Elsewhere, the Cincinnati Playhouse in the Park has canceled its production of Anna Ziegler’s Actually. Dates for Murder on the Orient Express and Becoming Dr. Ruth are now TBD. Artistic Director Blake Robison has announced that local playwrights — Caroline Stine, Trey Tatum, Paul Strickland, Torie Wiggins, Joseph McDonough, Jennifer Joplin and Darnell Pierre Benjamin — are writing short monologues on the theme of “hope” to be posted online weekly.

Cincinnati Shakespeare Company canceled the balance of its season: Hamlet (April 10-May 9) and Lauren Gunderson’s The Book of Will (May 22-June 14) will not be staged.

Know Theatre canceled its season-ending production of Carson Kreitzer’s Lasso of Truth and is focused on online offerings, “Know To Go.” The theater briefly made available (for $15) a video of Audrey Cefaly’s Alabaster, its production cut short by the health crisis. Response was surprisingly strong.

Next, Know is rolling out videos of two past productions for $10 rentals: Andy’s House of [blank] (2015), a time-traveling musical by Fringe favorites Paul Strickland and Trey Tatum, and Darkest Night at the Gnarly Stump (2016), an Appalachian ghost-story folk musical by Lauren Hynek and Elizabeth Martin, with original songs by Strickland. Check for details.

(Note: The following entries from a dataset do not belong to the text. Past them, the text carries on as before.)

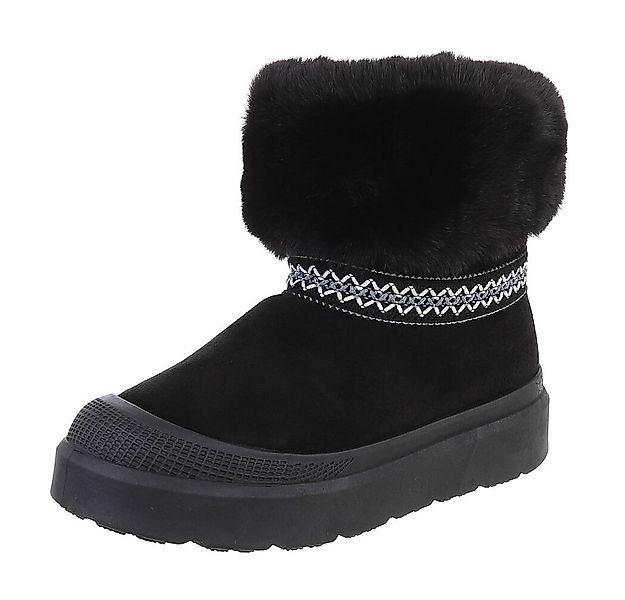Ital-Design Damen Snowboots Freizeit Snowboots (87531762) Flach Stiefelette günstig online kaufen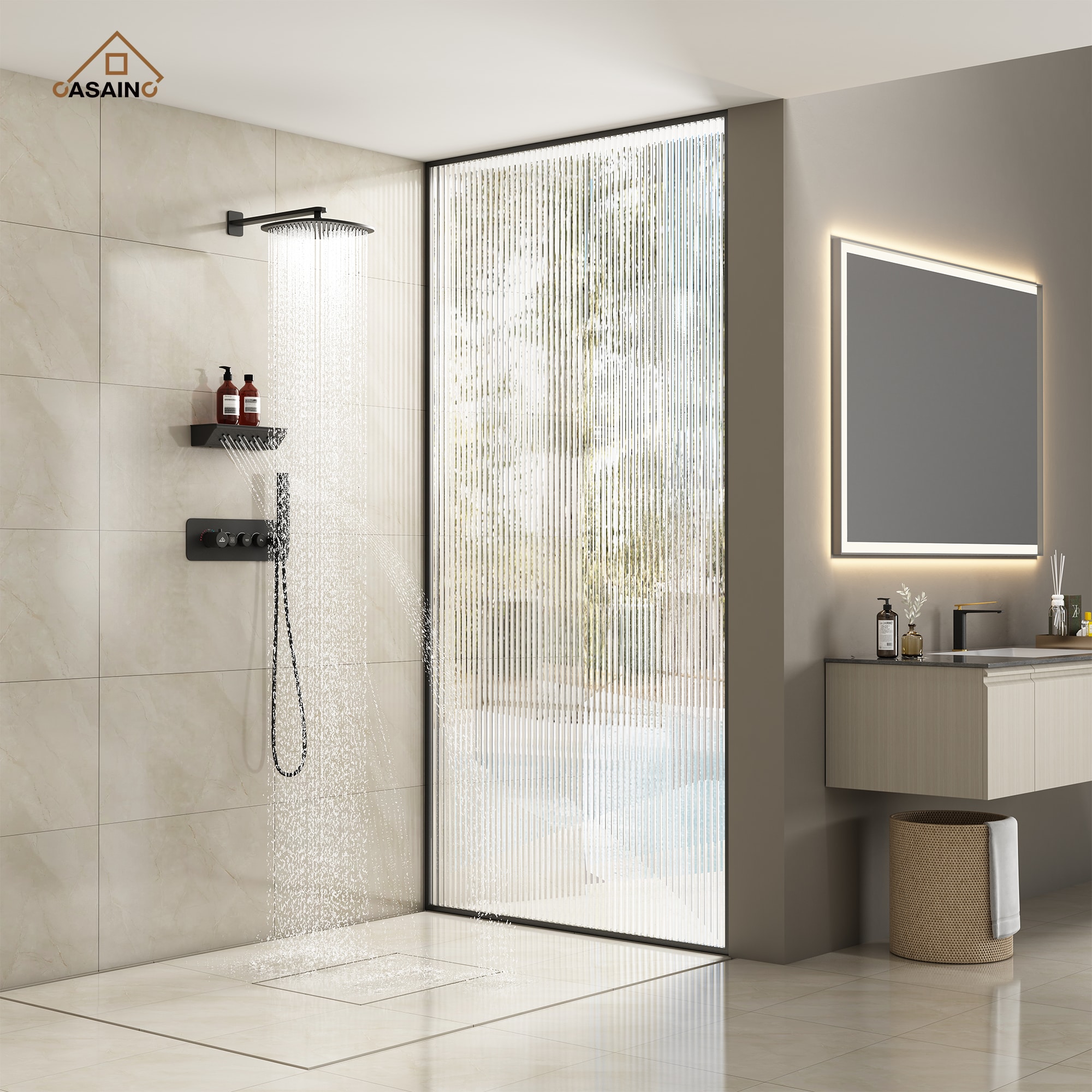 CASAINC KCHS0026-MB Showerhead-Bar-Panels - View #12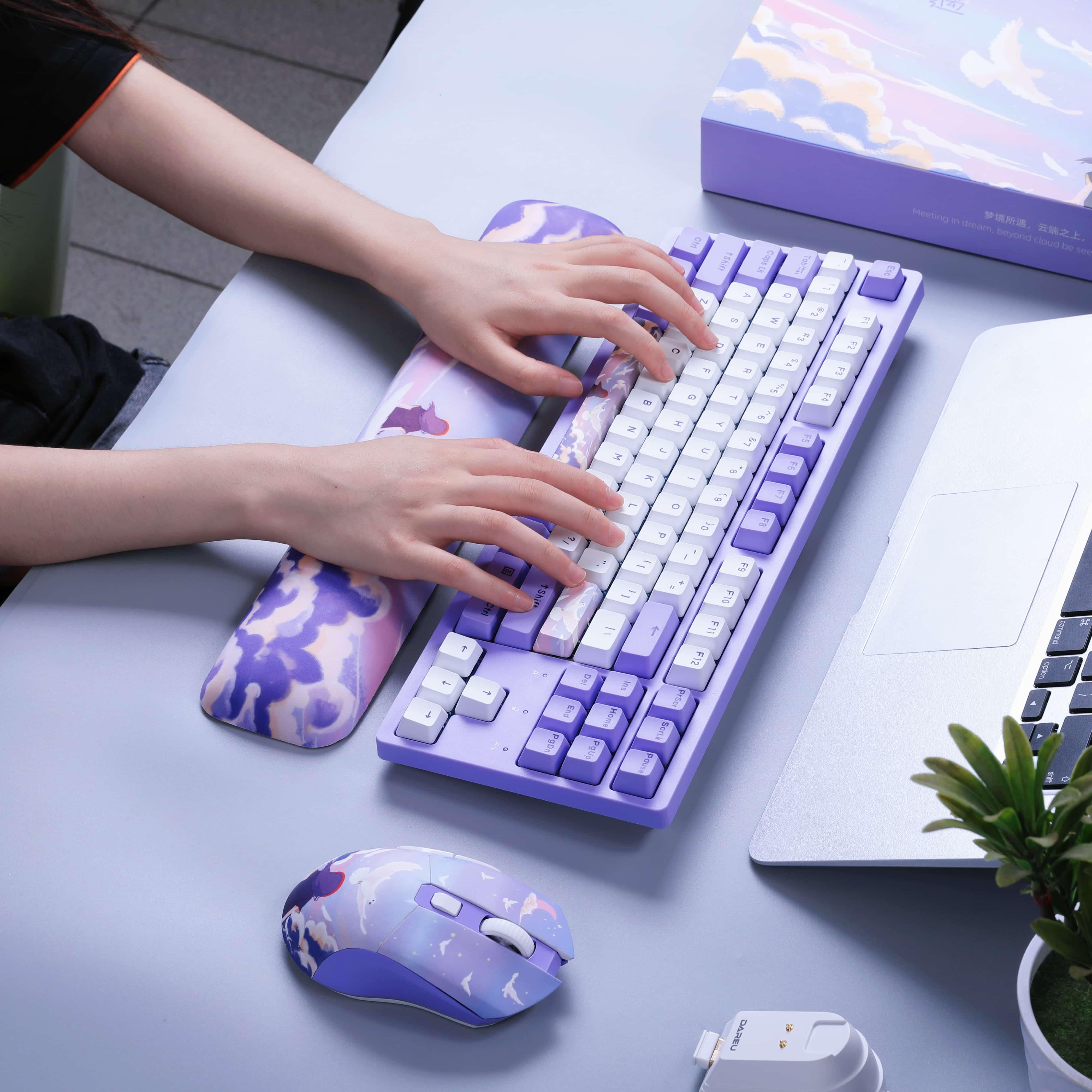 DAREU A87L Wired Mechanical Gaming Keyboard - 87 Key TKL Compact Design, Hot Swappable Switches for Customization | Perfect for Esports, Office Work & Typing Enthusiasts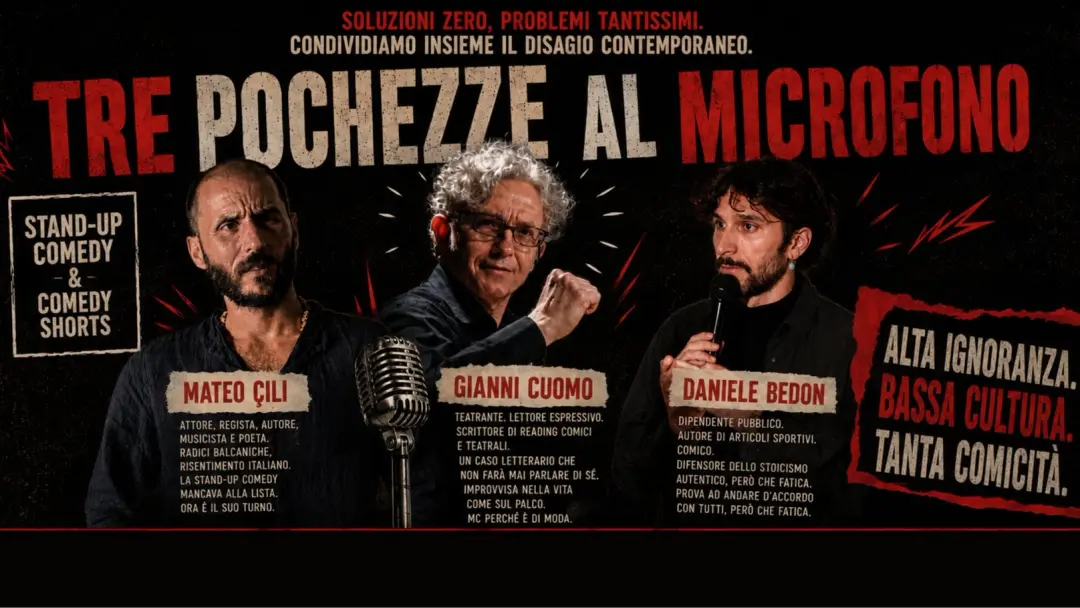 Tre pochezze al microfono – Stand-up comedy gratuito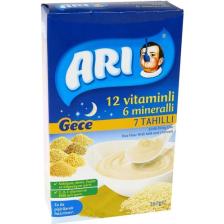 Arı Mama 12 Vitaminli 6 Mineralli Sütlü 7 Tahıllı Pirinçli Gece 250 gr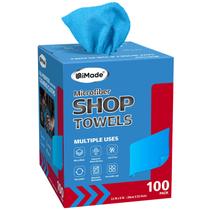 Paños de Tienda UNIMADE Microfibra Reutilizables 100 unidades 28x23 cm Azul Paños de Tienda UNIMADE Microfibra Reutilizables 100 unidades 28x23 cm Azul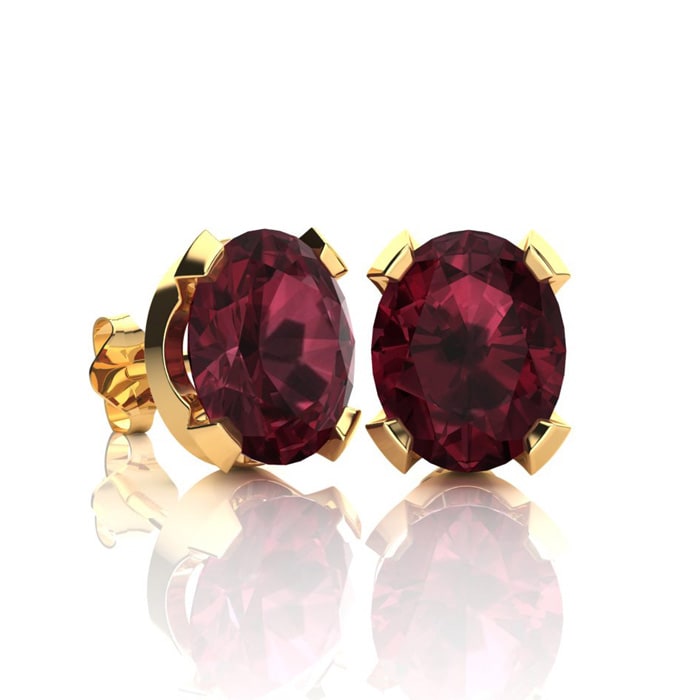 Garnet Necklace January Birthstone 3ct Oval Garnet Necklace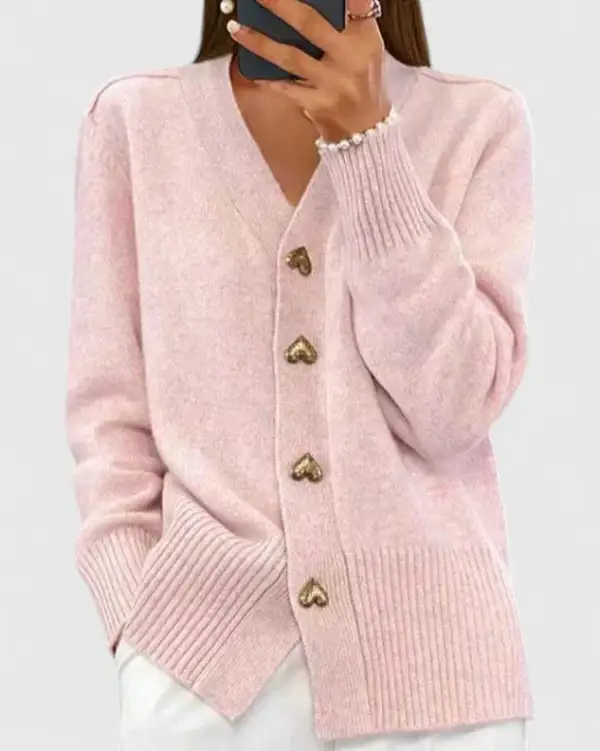 Knit Button Front Tailored Cardigan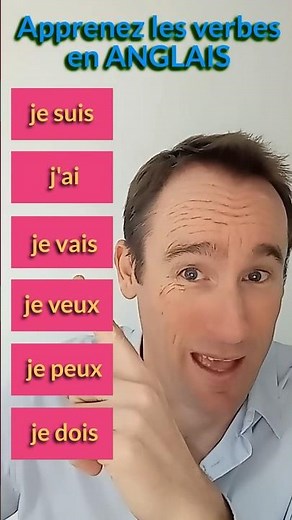 Apprenez les verbes importants en anglais. Anglais facile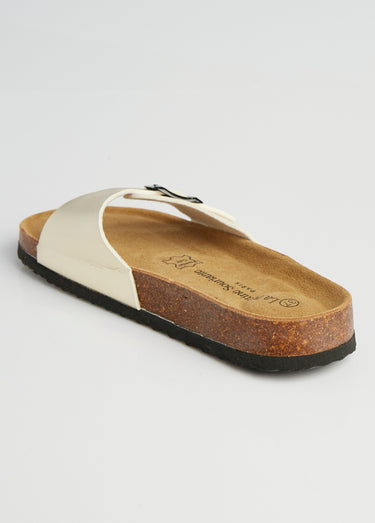 Mules avec boucle et semelle anatomique Dore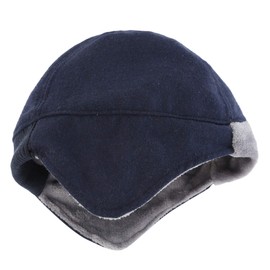 Connectyle - Gorro térmico con Forro Polar para Hombre, diseño de Calavera, Marino, Large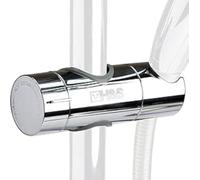 H&S, supporto per soffione e asta della doccia, staffa cromata regolabile, adatta per aste di diametro 18 mm, 19 mm, 20 mm, 21 mm, 22 mm, 23 mm, 24 mm, 25 mm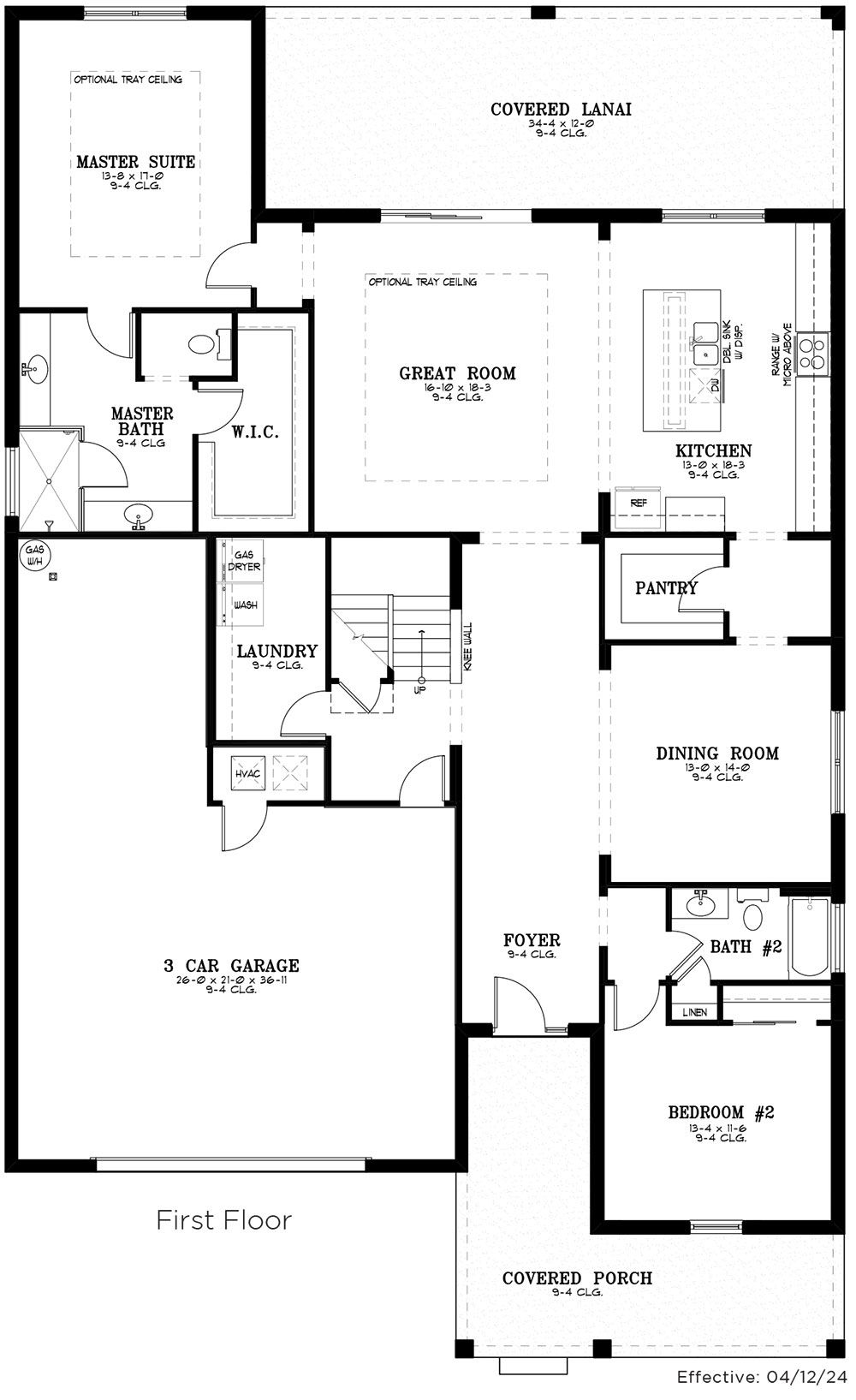 Jasmine Floor Plan First Floor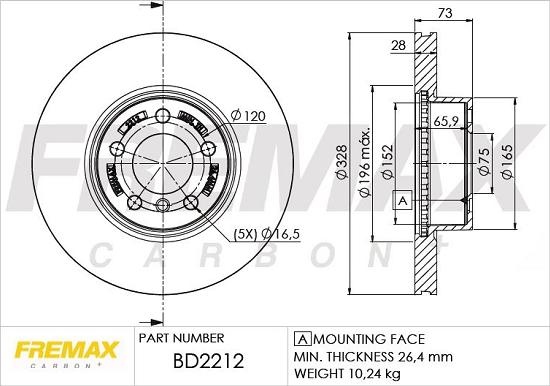 FREMAX BD-2212 - Discofreno autozon.pro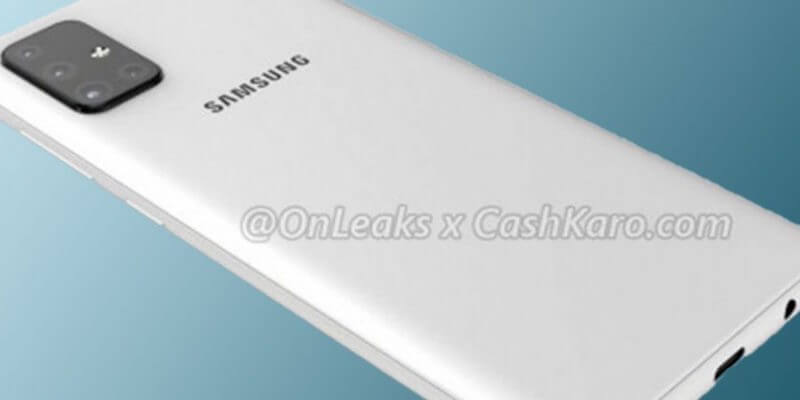 Samsung Galaxy A71 si mostra in nuovi concept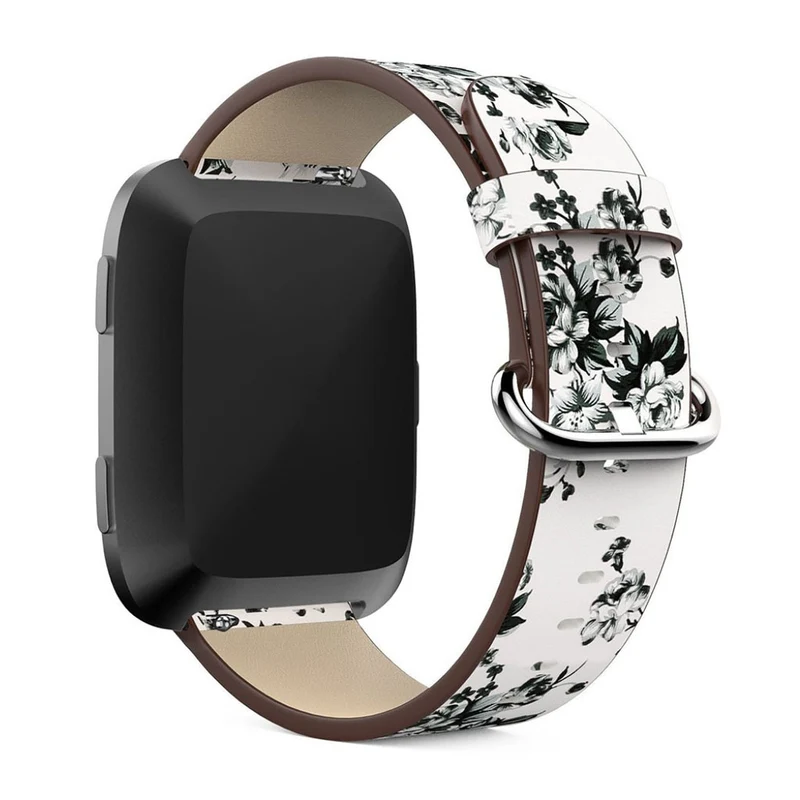 Reizend Fitbit Versa Echtes Leder armband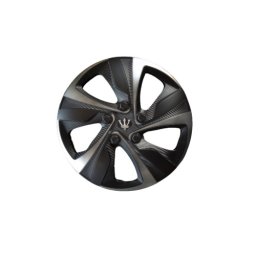 Set 4 capace roti Evo 15 inch, negru-gri antracit, pentru jante otel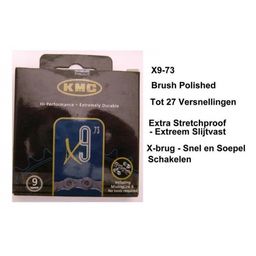 Ketting Kmc 11/128 x9-73 grijs 9speed (4715575140018)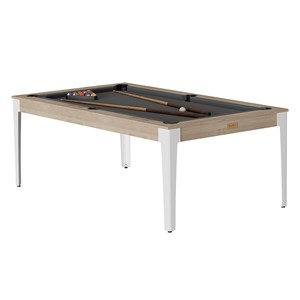 Billard american elan chene- tapis gris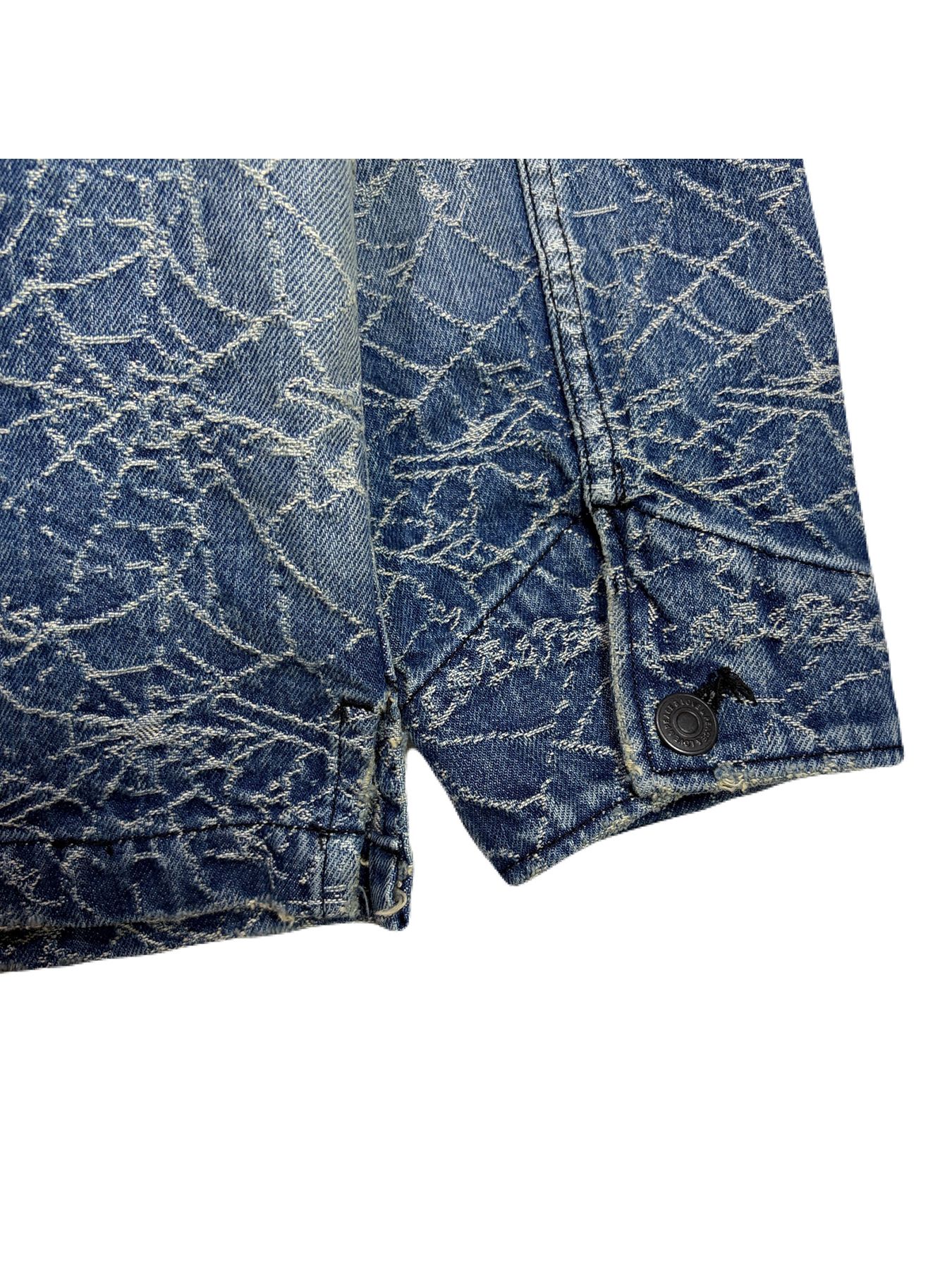 【予約品 3月9日(月) 18:00 締切】SPIDER JAQ DENIM JKT / スパイダー ジャガード デニム カバーオールジャケット / ブルー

No word yet from Know about the 2020 Cincinnati Fringe, but if you’re eager for the kind of material that happens annually in June, check out an online offering of shows from top Fringe talent — 10 acts, each about an hour for $29.95. (Individual acts can be rented for $7.99 each.) Ninety percent of proceeds go back to performers.

One of pieces is Will Carlisle’s There Ain’t No More, seen here in Cincinnati during the 2019 Fringe. It’s about an old Folk singer confronting his troubled past, his legacy and death itself. Carlisle plays five instruments, uses square-dance calling and tells a few dirty jokes. It won “Best Show” awards at recent Orlando and Edmonton fringe festivals.

“The show must go on” is a theater truism. And it will. But our theaters need our support, morally and financially, during this challenging time.